To start a run, provide an invocation MRO file, plus a unique pipestance ID, comprising only numbers, letters, dashes, and underscores. This ID will be the name of the directory containing the pipestance, relative to the current working directory. When running a pipeline multiple times, choose a different pipestance ID for each run.

mrp features a number of command-line options, which are documented in Advanced Features.

Once mrp starts, you should see the following output:

$ mrp invoke.mro piperun1
Martian Runtime - 2.2.0

Running preflight checks (please wait)...
2018-01-02 14:23:52 [runtime] (ready)           ID.piperun1.DUPLICATE_FINDER.SORT_ITEMS
2018-01-02 14:23:53 [runtime] (split_complete)  ID.piperun1.DUPLICATE_FINDER.SORT_ITEMS
2018-01-02 14:23:53 [runtime] (run:local)       ID.piperun1.DUPLICATE_FINDER.SORT_ITEMS.fork0.chnk0.main

At a high level, mrp performs the following to run a pipeline:

  • Parse and validate MRO file (e.g. invoke.mro)
  • Convert the MRO into a graph representation of the pipeline
  • Create a directory for the pipestance named with the pipestance ID provided (e.g. piperun1)
  • Begin evaluating dependencies and executing the stages of the pipeline
  • Continuously monitor stages and advance through the pipeline graph when dependencies are satisfied

Completion and Failure#

If the pipestance encounters no errors while running, mrp exits with status 0 and writes a _complete file in the top level of the pipestance directory.

If the pipestance encounters does an encounter an error, mrp exits with status 1. The failed stage(s) will contain an _errors file with information about the error.

For more details about how to examine an in-progress, completed, or failed pipestance, see Inspecting Pipelines.

Restarting#

When a pipestance fails, it can be restarted by running mrp with the same arguments as before. mrp will identify the failed stages, and reset them to a clean state so that they can run again.
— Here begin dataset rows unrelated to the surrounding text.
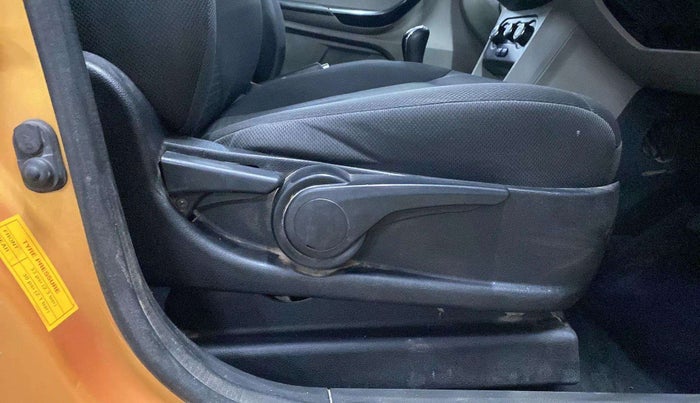 2016 Tata Tiago XZ PETROL, Petrol, Manual, 51,192 km, Driver Side Adjustment Panel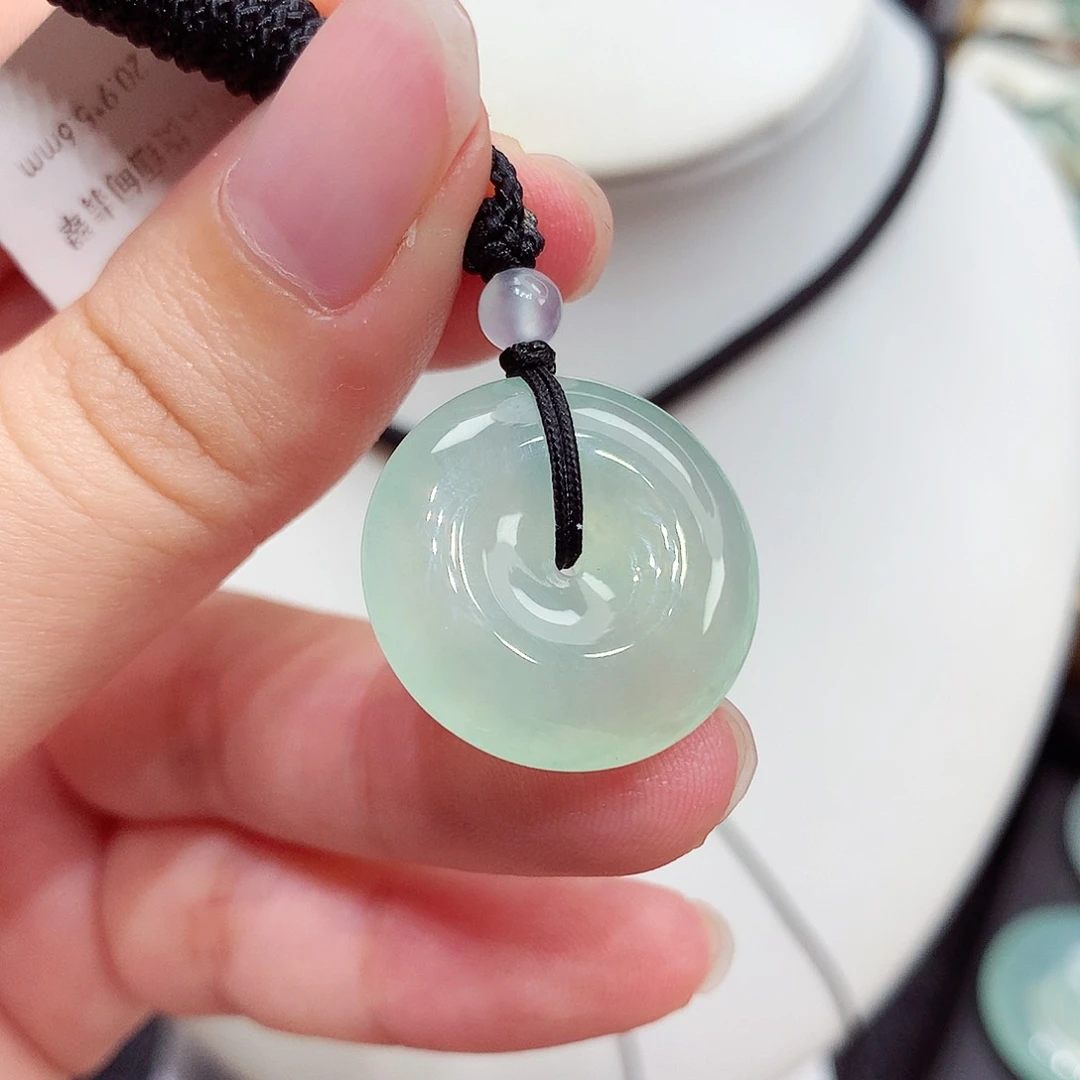 颈饰未镶嵌翡翠翡翠30，20.9/5.6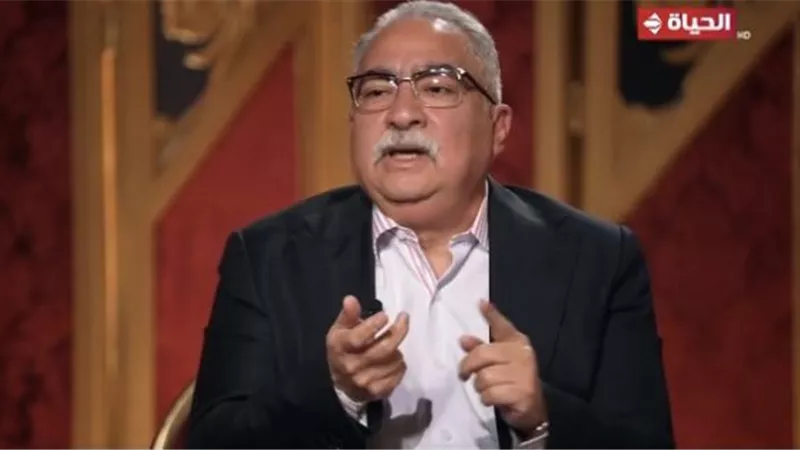 إبراهيم عيسى: والدي أزهري علمني إحكام العقل والمنطق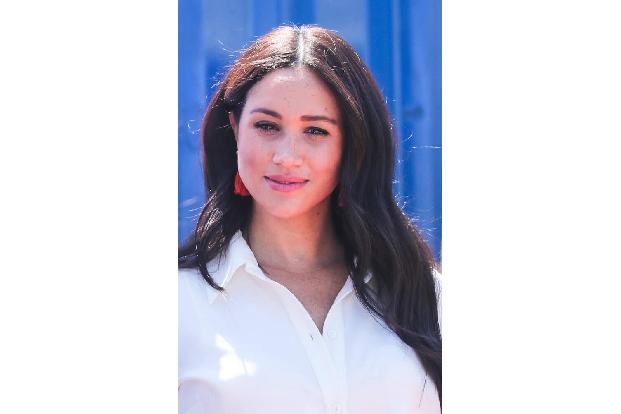 Auf Privatschulen erhielt Meghan, deren Eltern mittlerweile geschieden waren, eine erstklassige Ausbildung und ihre Lehrerin...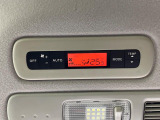 【リアオートエアコン】広い後部座席には必須の機能!風量や温度を自動で調整し前席と同様な車内環境にしてくれるリアオートエアコンを装備。夏の暑さも冬の寒さもストレスなく快適にお過ごしいただけます♪
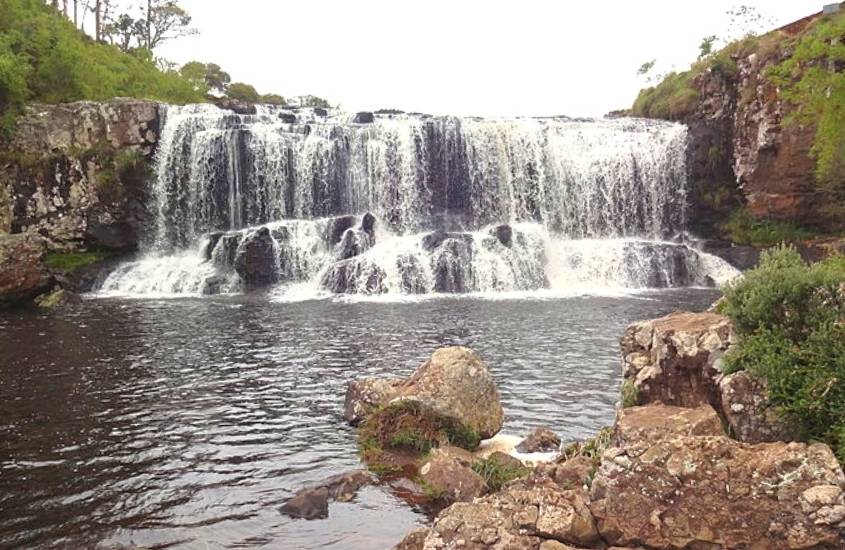 durante o dia, pedras em frente a cachoeira, atração para quem busca o que fazer na serra catarinense no verão
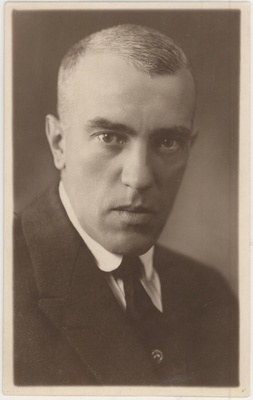 Maalikunstnik Konrad Mägi  similar photo
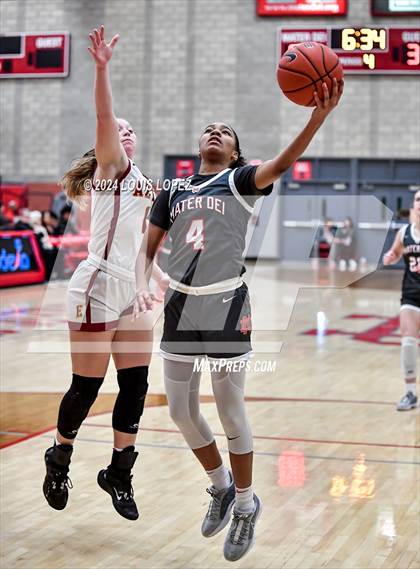 Thumbnail 3 in Esperanza @ Mater Dei (Nike Extravaganza) photogallery.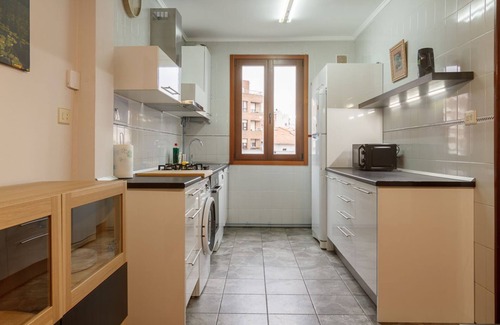 Castanos Apartment | Plaza Moraza Apartment downtown renovated wifi
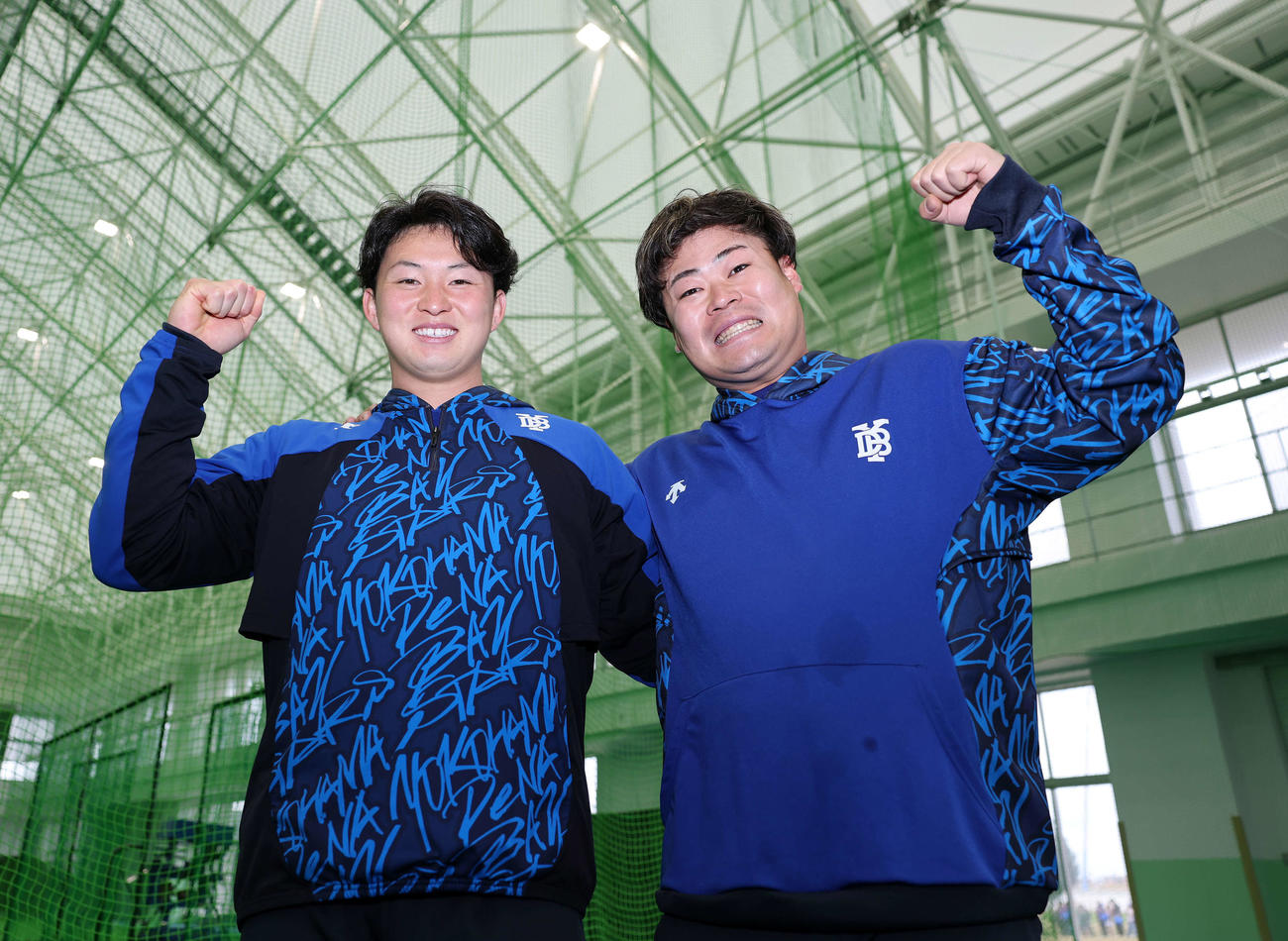 笑顔でガッツポーズするDeNA竹田（左）と伊勢（撮影・鈴木正人）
Stages that have already completed successfully will not be reset or re-run. mrp attempts to verify that no other instance of mrp is currently running that pipestance, and that other settings are compatible with the previous run. Normally retrying will only re-run failed chunks. If the MRO_FULLSTAGERESET environment variable is non-empty, the entire failed stage will be reset.

Stages which failed with error messages that match regular expressions defined in martian/jobmanagers/retry.json may be retried automatically. mrp will restart itself in such circumstances a number of times configured either from the command line or in retry.json giving up. This is useful for error types which are expected to be transient, such as receiving a signal from the operating system.

If mrp is restarted with the --inspect flag set, it should attempt to read the pipestance in “read only” mode. In combination with --noexit this can be used to open up a user interface for an old pipestance.